Directions
Without the pictures, restate all of the data below word for word.

Supplied material
□ □ □ □ □ □ □

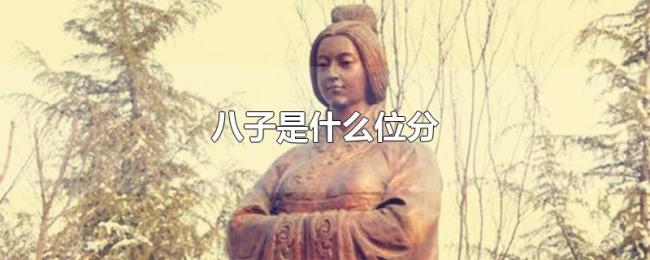 八子是什么位分 八子是什么位分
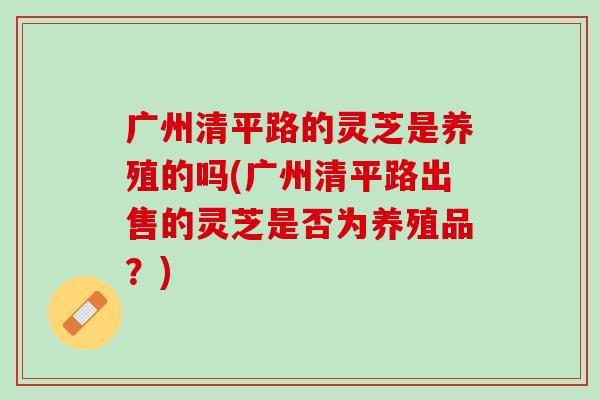 廣州清平路的靈芝是養殖的嗎(廣州清平路出售的靈芝是否為養殖品？)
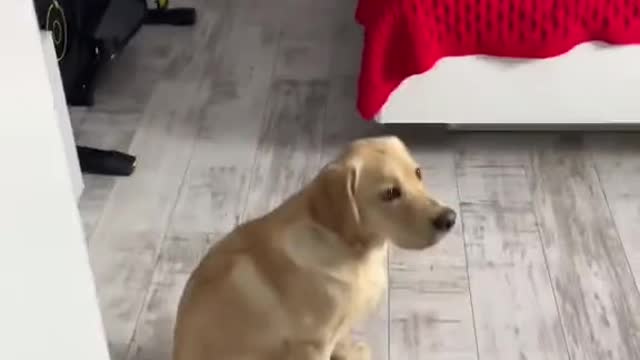 I thought it was a parrot).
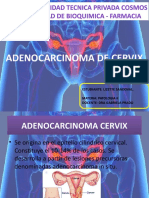 Adenocarcinoma de Cervix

□ □ □ □ □ □ □

Result below
 八子是什么位分 八子是什么位分
 廣州清平路的靈芝是養殖的嗎(廣州清平路出售的靈芝是否為養殖品？)
 I thought it was a parrot).
 Adenocarcinoma de Cervix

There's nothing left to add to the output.